Set environment variables:
```
DP_CLUSTER=Dataproc on GKE  cluster-name \
  REGION=region \
  GKE_CLUSTER=GKE cluster-name \
  BUCKET=Cloud Storage bucket-name \
  DP_POOLNAME=node pool-name
  PHS_CLUSTER=Dataproc PHS server name
```
Notes:
- DP_CLUSTER: Set the Dataproc virtual cluster name, which must start with a lowercase letter, followed by up to 54 lowercase letters, numbers, or hyphens. It and cannot end with a hyphen.
- REGION: The region must be the same as the region where the GKE cluster is located.
- GKE_CLUSTER: The name of your existing GKE cluster.
- BUCKET: (Optional) You can specify the name of a Cloud Storage bucket, which Dataproc will use to stage artifacts. If you do not specify a bucket, Dataproc on GKE will create a staging bucket.
- DP_POOLNAME: The name of a node pool to create on the GKE cluster.
- PHS_CLUSTER: (Optional) Dataproc PHS Server to use to view Spark job history on active and deleted Dataproc on GKE clusters. The PHS cluster must be located in the same region as the Dataproc on GKE virtual cluster.
Run the command:
```
gcloud dataproc clusters gke create ${DP_CLUSTER} \
    --region=${REGION} \
    --gke-cluster=${GKE_CLUSTER} \
    --spark-engine-version=latest \
    --staging-bucket=${BUCKET} \
    --pools="name=${DP_POOLNAME},roles=default" \
    --setup-workload-identity \
    --history-server-cluster=${PHS_CLUSTER}
```
Notes:
- --spark-engine-version: The Spark image version used on the Dataproc cluster. You can use an identifier, such as 3, 3.1, or latest, or you can specify the full subminor version, such as 3.1-dataproc-5.
- --staging-bucket: Delete this flag to have Dataproc on GKE create a staging bucket.
- --pools: This flag is used to specify a new or existing node pool that Dataproc will create or use to perform the workload. List Dataproc on GKE node pool settings, separated by commas, for example:
```
--pools=name=dp-default,roles=default,machineType=e2-standard-4,min=0,max=10
```
  You must specify the node pool name and role. Other node pool settings are optional. You can use multiple --pools flags to specify multiple node pools. At least one node pool must have the default role. All node pools must have the same location.
- --setup-workload-identity: This flag enables Workload Identity bindings. These bindings allow the Kubernetes service accounts (KSAs) to act as the default Dataproc VM Service Account (Data Plane identity) of the virtual cluster.
  You need elevated permissions to set workload identity on a Google service account (GSA) (see Dataproc on Google Kubernetes Engine IAM Permissions). To use your own GSA with your Dataproc on GKE virtual cluster, see Custom IAM configuration.

REST

Complete a virtualClusterConfig as part of a Dataproc API cluster.create request.

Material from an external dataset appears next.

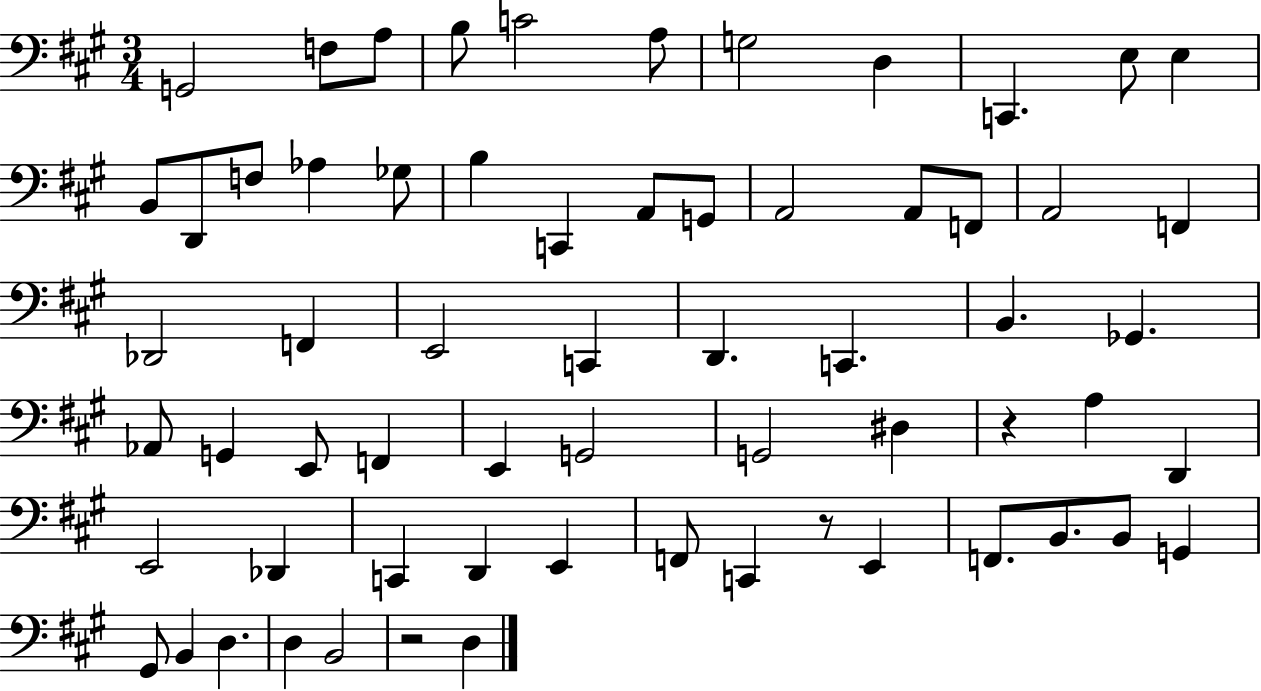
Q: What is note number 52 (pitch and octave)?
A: F2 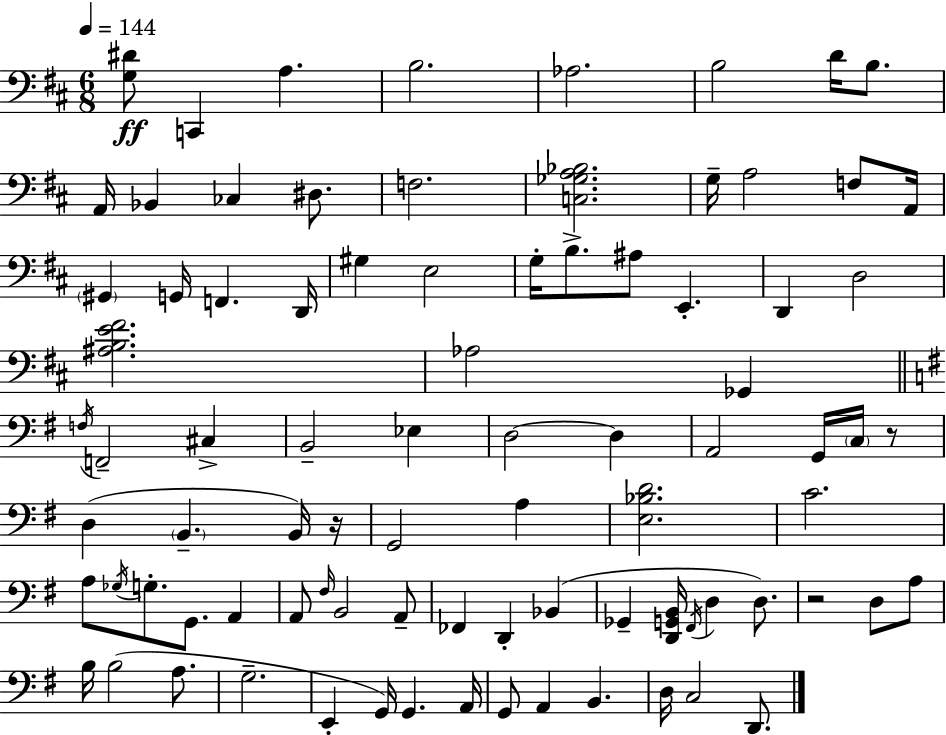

Before using any of the request data, make the following replacements:

PROJECT: Google Cloud project ID
REGION: Dataproc virtual cluster region (same region as the existing GKE cluster region)
DP_CLUSTER: Dataproc cluster name
GKE_CLUSTER: GKE cluster name
NODE_POOL: Node pool name
PHS_CLUSTER: Persistent History Server (PHS) cluster name
BUCKET: (Optional) Staging bucket name. Leave this empty to have Dataproc on GKE create a staging bucket.

HTTP method and URL:

POST https://dataproc.googleapis.com/v1/projects/project-id/regions/region/clusters

Request JSON body:

{
  "clusterName":"DP_CLUSTER",
  "projectId":"PROJECT",
  "virtualClusterConfig":{
    "auxiliaryServicesConfig":{
      "sparkHistoryServerConfig":{
        "dataprocCluster":"projects/PROJECT/regions/REGION/clusters/PHS_CLUSTER"
      }
    },
    "kubernetesClusterConfig":{
      "gkeClusterConfig":{
        "gkeClusterTarget":"projects/PROJECT/locations/REGION/clusters/GKE_CLUSTER",
        "nodePoolTarget":[
          {
"nodePool":"projects/PROJECT/locations/REGION/clusters/GKE_CLUSTER/nodePools/NODE_POOL",
            "roles":[
              "DEFAULT"
            ]
          }
        ]
      },
      "kubernetesSoftwareConfig":{
        "componentVersion":{
          "SPARK":"latest"
        }
      }
    },
    "stagingBucket":"BUCKET"
  }
}

To send your request, expand one of these options:

curl (Linux, macOS, or Cloud Shell)

Note: The following command assumes that you have logged in to the gcloud CLI with your user account by running gcloud init or gcloud auth login , or by using Cloud Shell, which automatically logs you into the gcloud CLI . You can check the currently active account by running gcloud auth list.

Save the request body in a file named request.json, and execute the following command:

curl -X POST \
     -H "Authorization: Bearer $(gcloud auth print-access-token)" \
     -H "Content-Type: application/json; charset=utf-8" \
     -d @request.json \
     "https://dataproc.googleapis.com/v1/projects/project-id/regions/region/clusters"

PowerShell (Windows)

Note: The following command assumes that you have logged in to the gcloud CLI with your user account by running gcloud init or gcloud auth login . You can check the currently active account by running gcloud auth list.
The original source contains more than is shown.